**Task**
Start at the line below containing "Blue Classic High Waisted Slim Fit Jeans" and stop at the line containing "Christmas parent-child pajamas and pants set". Repeat every line of that stretch exactly, and nothing outside it.

Caption-style text data:
━━━━━━━━
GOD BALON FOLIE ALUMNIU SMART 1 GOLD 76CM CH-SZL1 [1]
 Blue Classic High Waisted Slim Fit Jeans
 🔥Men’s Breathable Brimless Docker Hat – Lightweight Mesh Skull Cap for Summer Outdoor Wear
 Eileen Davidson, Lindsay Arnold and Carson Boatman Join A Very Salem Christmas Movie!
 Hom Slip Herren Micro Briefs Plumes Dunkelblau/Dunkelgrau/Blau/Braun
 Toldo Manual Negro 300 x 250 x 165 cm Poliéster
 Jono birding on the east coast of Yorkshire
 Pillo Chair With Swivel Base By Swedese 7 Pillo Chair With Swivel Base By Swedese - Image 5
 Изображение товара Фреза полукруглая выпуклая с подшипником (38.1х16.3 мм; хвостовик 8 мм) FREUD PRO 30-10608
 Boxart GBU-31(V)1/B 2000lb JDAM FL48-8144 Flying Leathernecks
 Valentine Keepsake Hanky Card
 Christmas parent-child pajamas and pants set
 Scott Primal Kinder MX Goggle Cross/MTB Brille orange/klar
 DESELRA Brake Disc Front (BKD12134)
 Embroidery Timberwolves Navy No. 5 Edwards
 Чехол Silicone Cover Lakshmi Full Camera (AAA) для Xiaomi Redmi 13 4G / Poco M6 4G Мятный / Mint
━━━━━━━━
**Solution to this task**
 Blue Classic High Waisted Slim Fit Jeans
 🔥Men’s Breathable Brimless Docker Hat – Lightweight Mesh Skull Cap for Summer Outdoor Wear
 Eileen Davidson, Lindsay Arnold and Carson Boatman Join A Very Salem Christmas Movie!
 Hom Slip Herren Micro Briefs Plumes Dunkelblau/Dunkelgrau/Blau/Braun
 Toldo Manual Negro 300 x 250 x 165 cm Poliéster
 Jono birding on the east coast of Yorkshire
 Pillo Chair With Swivel Base By Swedese 7 Pillo Chair With Swivel Base By Swedese - Image 5
 Изображение товара Фреза полукруглая выпуклая с подшипником (38.1х16.3 мм; хвостовик 8 мм) FREUD PRO 30-10608
 Boxart GBU-31(V)1/B 2000lb JDAM FL48-8144 Flying Leathernecks
 Valentine Keepsake Hanky Card
 Christmas parent-child pajamas and pants set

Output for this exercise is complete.